● YOUR OBJECTIVE: Everything in the data that follows should be given again verbatim, except the images.

● EXERCISE MATERIALS:
=== Begin Enclosure ===

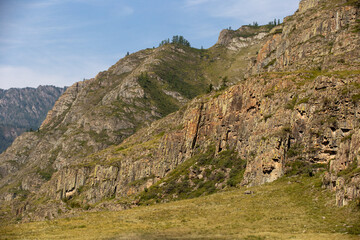 rocks with stones and grass against the background of the summer blue sky
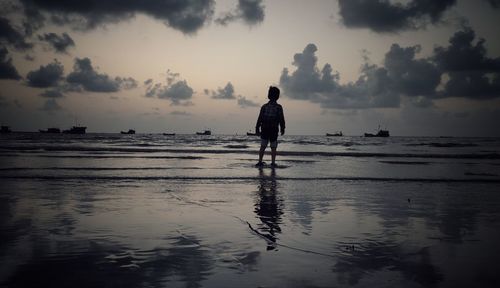 Silhouette man standing on beach against sky during sunset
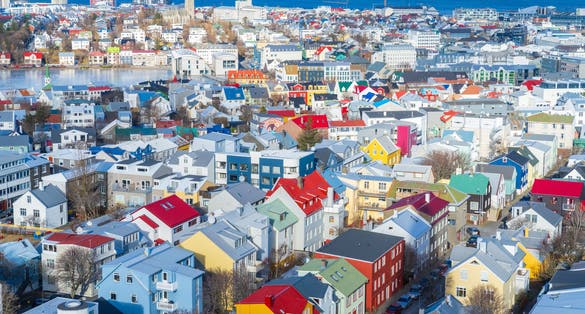 photo of view of Ariel views over the colourfull houses of Reykjavík in Iceland.
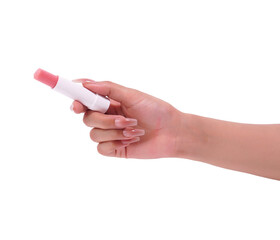 Womans hand holding a pink lip balm stick, .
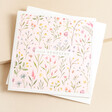 The Art File Floral Sympathy Greetings Card on top of envelope against neutral backdrop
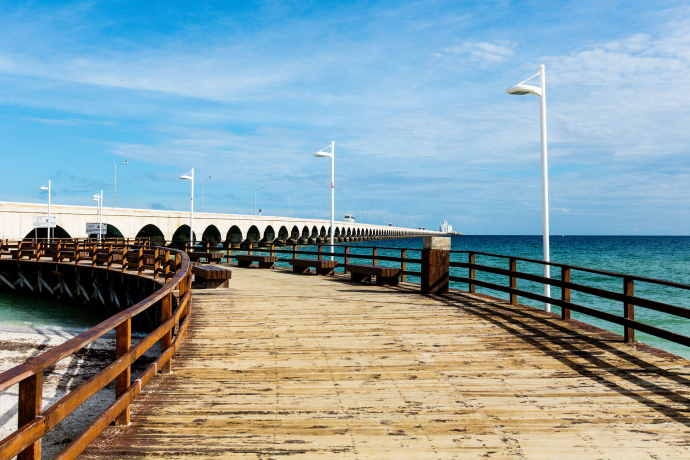Muelle de madera junto al mar azul, con farolas blancas y un cielo parcialmente nublado.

=== End Enclosure ===

● TASK OUTPUT:
 rocks with stones and grass against the background of the summer blue sky
 Silhouette man standing on beach against sky during sunset
 photo of view of Ariel views over the colourfull houses of Reykjavík in Iceland.
 Womans hand holding a pink lip balm stick, .
 The Art File Floral Sympathy Greetings Card on top of envelope against neutral backdrop
Muelle de madera junto al mar azul, con farolas blancas y un cielo parcialmente nublado.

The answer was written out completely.